By ELANA WARREN / Assistant Editor
Sir Nicholas Winton is known for just nine months of his life. Those nine months of work saved 669 children.
At age 29, he organized the Kindertransport that took those children, mainly Jews, out of Nazi-occupied Czechoslovakia before World War II began in 1939. As of 2015, there are over 6,000 people alive descended from those 669.
Nicholas Winton lived to be 106 years old, at his death in 2015. His son, Nick Winton, travels the world sharing his story.
He spoke at Beth El Synagogue in St. Louis Park on Nov. 9, the anniversary of Kristallnacht, to a full room of 600 people plus online viewers.
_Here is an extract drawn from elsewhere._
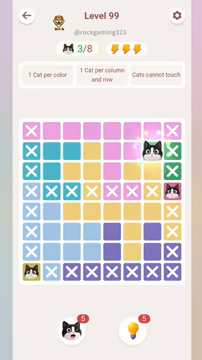Meowdoku Level 99 step 3 screenshot showing the cat placement at G2 with 3 of 8 cats visible on the board.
One attendee that evening was one of Sir Winton’s Kindertransport children, who asked to remain anonymous for privacy.
Sir Winton did not work alone, but he handled getting permission to bring unaccompanied minors into the UK as well as the UK’s stipulations: He had to find foster homes and £50 ($3,022 today) for each child. He wrote to newspapers and magazines and successfully made arrangements for at least 919 children.
The Germans stopped the Kindertransport when the war started on Sept. 1, 1939. The 250 children set to leave that day — the largest Kindertransport group — were most likely sent to concentration camps.
With 669 children saved, Nick Winton said it’s the 250 who didn’t make it that his father thought about most.
Yet his humanitarian work did not stop with the Kindertransport. That was just one example of how Winton would see a need and take it upon himself to make change.
He had three children, the youngest of whom, Robin, had Down syndrome. At the time, 1956, children like Robin were sent to live in institutions for special care. Winton and his wife Grete raised him as part of their family in England, and Nicholas Winton started an organization to support others in raising special needs children.
He joined a Rotary Club with the mission “service above self” — the way he lived his life. He also spent 40 years supporting Extra Care homes for the elderly, with a focus on dementia.
Sir Nicholas Winton said, “If something is not fundamentally impossible, then there’s a way of doing it.” He lived the motto, and he also lived — he flew in an ultralight aircraft at age 99, and again at 100.
Nick Winton left his audience with a “secret” he learned from his father: You change the world each time you do or don’t talk to someone, every time you interact with anyone. He said, “Each one of you, we can agree, changes the world.”
Nicholas Winton’s daughter Barbara Winton wrote her father’s biography, If It’s Not Impossible … The Life of Sir Nicholas Winton.